• MATERIAL SUPPLIED
'''

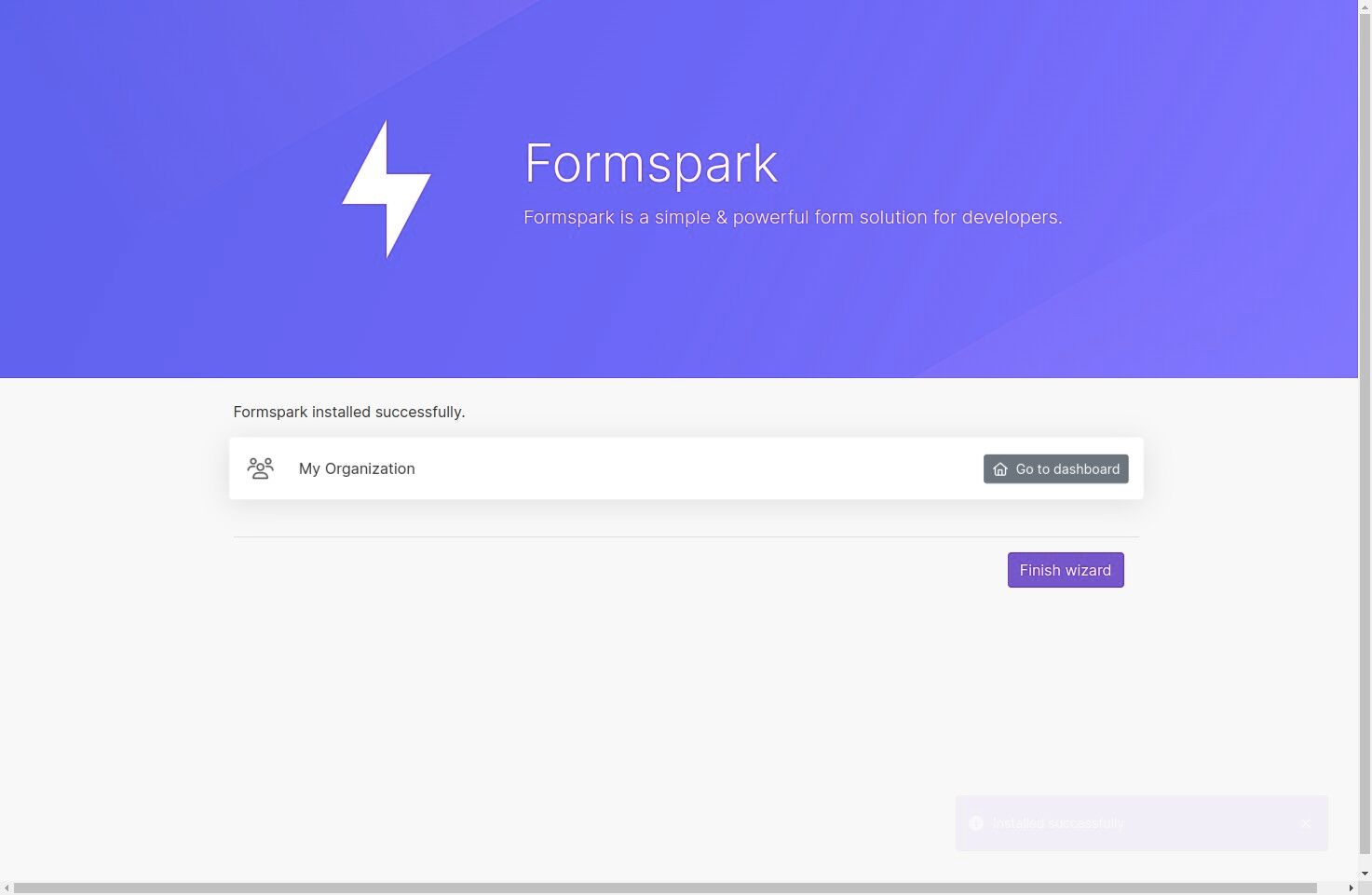 Going to the Make dashboard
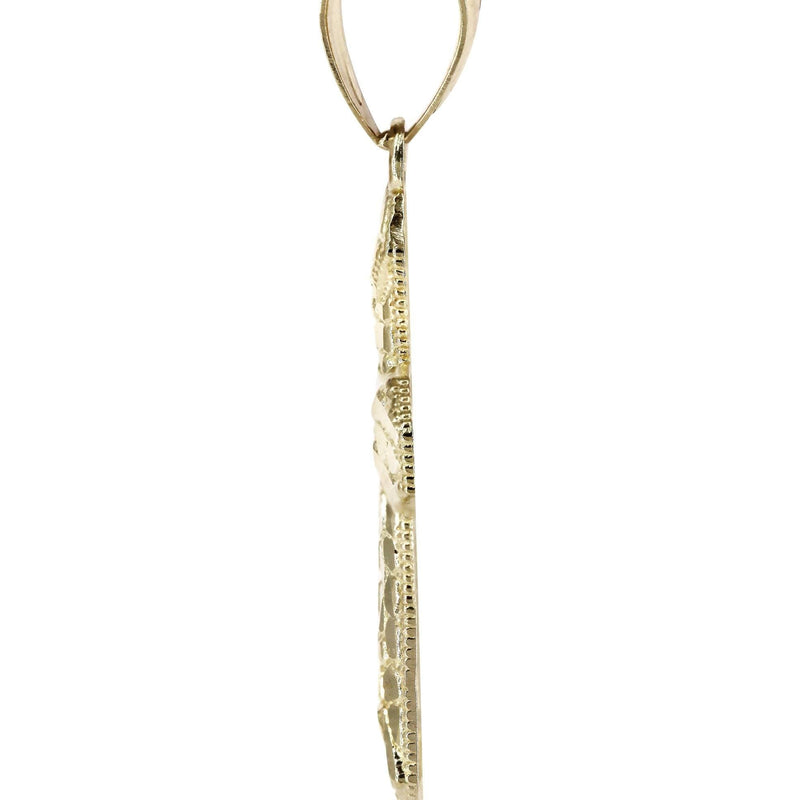 10K Yellow Gold & Nugget Cross Necklace | Appx. 12.7 Grams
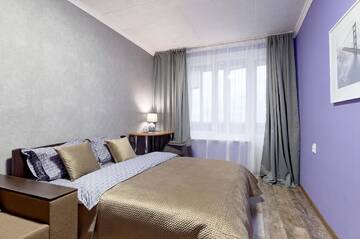 Фото номера Апартаменты с 3 спальнями Апартаменты V 80-28 MODERN SUPER LOFT - THREE NEW 3BEDROOMS 100 m2 FOR BIG COMPANY, GOOD VIEW ON OLYMPIC STADIUM, Velyka Vasylkivska St, 80 г. Киев 26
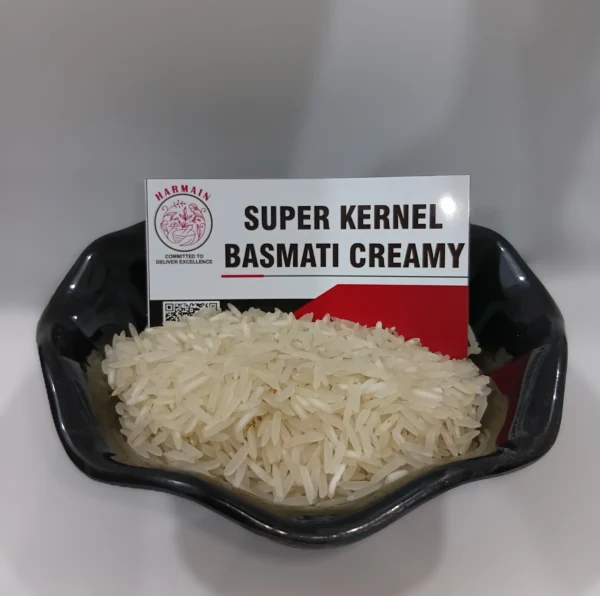 Super Kernel Basmati Creamy Rice | Harmain Global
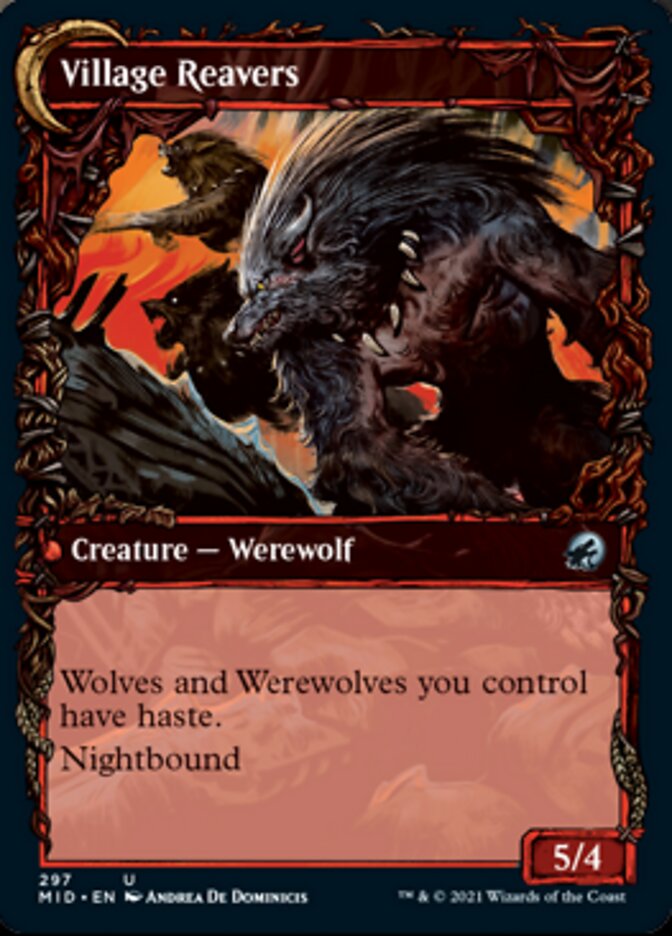 Village Watch // Village Reavers (MID-297) - Innistrad: Midnight Hunt: (Showcase, Double Faced Transform)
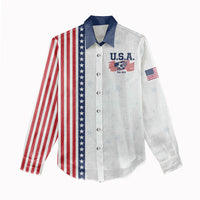 Personalized Soccer USA Est 1913 Women Casual Shirt Patriotic United States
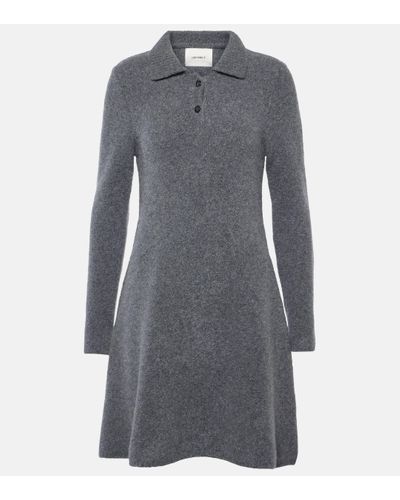 Lisa Yang Leah Cashmere Minidress - Grey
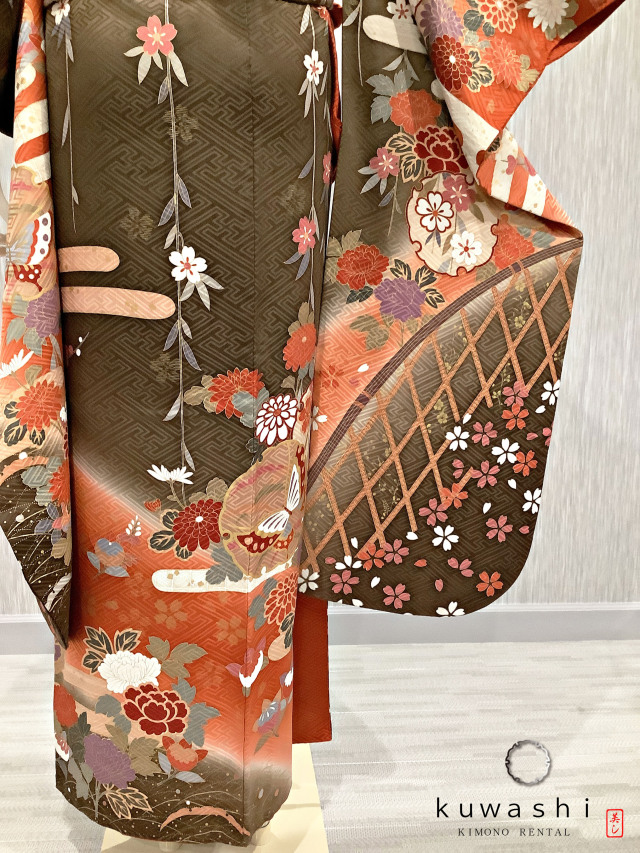 振袖 クワシ着物レンタル 品番８００２２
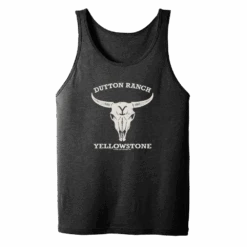 Yellowstone Dutton Ranch Cow Skull Adult Tank Top -Bioworld Shop YS DR CS ATT 56 100015 CHAR MF
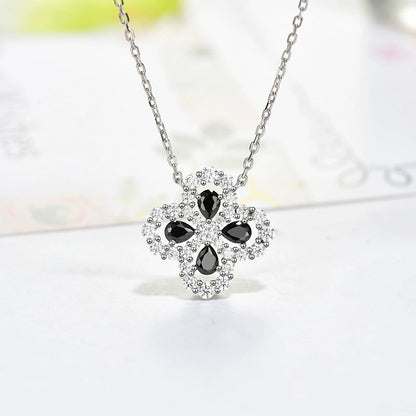 [moco jewellerys]ループネックレス フルモチーフ ダイヤモンド 16mm マルチカラー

'''

• WORK REQUIRED
Without including any pictures, reproduce the listing exactly.

• RESULT BELOW
 Going to the Make dashboard
 10K Yellow Gold & Nugget Cross Necklace | Appx. 12.7 Grams
 Фото номера Апартаменты с 3 спальнями Апартаменты V 80-28 MODERN SUPER LOFT - THREE NEW 3BEDROOMS 100 m2 FOR BIG COMPANY, GOOD VIEW ON OLYMPIC STADIUM, Velyka Vasylkivska St, 80 г. Киев 26
 Super Kernel Basmati Creamy Rice | Harmain Global
 Village Watch // Village Reavers (MID-297) - Innistrad: Midnight Hunt: (Showcase, Double Faced Transform)
 Personalized Soccer USA Est 1913 Women Casual Shirt Patriotic United States
 Lisa Yang Leah Cashmere Minidress - Grey
 振袖 クワシ着物レンタル 品番８００２２
 Yellowstone Dutton Ranch Cow Skull Adult Tank Top -Bioworld Shop YS DR CS ATT 56 100015 CHAR MF
 [moco jewellerys]ループネックレス フルモチーフ ダイヤモンド 16mm マルチカラー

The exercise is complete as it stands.